大工技世界頂上決戦|日本vsドイツ
先日、たまたまテレビを見てたら、こんな番組を放送していました。
大工技世界頂上決戦|日本vsドイツ
日本もドイツも、どちらも技術や素材に関してはこだわりのある国と言う印象が私の中にはあるのだけど。
ドイツ人のこだわり半端ねーと言うのは。
ドイツの天然素材で造った珪藻土の開発に私も絡んでいたので、良く知っている。
この大工技世界頂上決戦|日本vsドイツ。
番組的には、前半戦と後半戦に分かれているのですが。
前半戦は、角材に穴を開けるスピードを競っていました。
結果、日本の大工さんがぶっちぎりで勝利!
写メは撮れなかったのだけど、さすがだなぁと思う傾向。
どちらも電動工具は使わないで、あくまでも手工具のみの作業です。
そして写メを撮り出した後半戦。
勝負種目は継ぎ手強度対決。
この継手と言うのは、日本の大工で言う仕口(しくち)の中の1つでありまして。
既成品の木材は、たいていの場合3、4mにカットされているので、それを長手方向に木材を組み合わせる技術の事。
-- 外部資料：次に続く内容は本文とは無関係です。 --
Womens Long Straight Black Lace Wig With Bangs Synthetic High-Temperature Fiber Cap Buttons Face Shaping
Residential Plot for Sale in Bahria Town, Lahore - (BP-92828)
この継手対決と言う事になると、私が真っ先に思ったのは。
金輪継ぎだべな・・
と思いました。
案の定、日本最強の継手と呼ばれる金輪継ぎが登場!
対してドイツの継手は、シュロッス・ア・ラ・アクセルと呼ばれる継手方法。
金輪継ぎが勾配を取る事に対して、シュロッス・ア・ラ・アクセルは平らに継ぎます。
これ、とっても似ている工法だと思うのですが。
日本の大工は、なんだかんだと斜めが好きです。
仕口自体に勾配を用いる事がとっても多いですし、今でも耐力壁と言って。
斜めに筋交いを入れる事で、木造住宅の場合は強度を取ったりします。
材料は赤松材。
ヨーロッパでも、日本でも、赤松材は植林されている木材なのですが、かなり加工がしやすい木材になります。
実際に日本の市場で出回っているのは、欧州赤松材が多いので、国産赤松材の利用頻度は若干少ない。。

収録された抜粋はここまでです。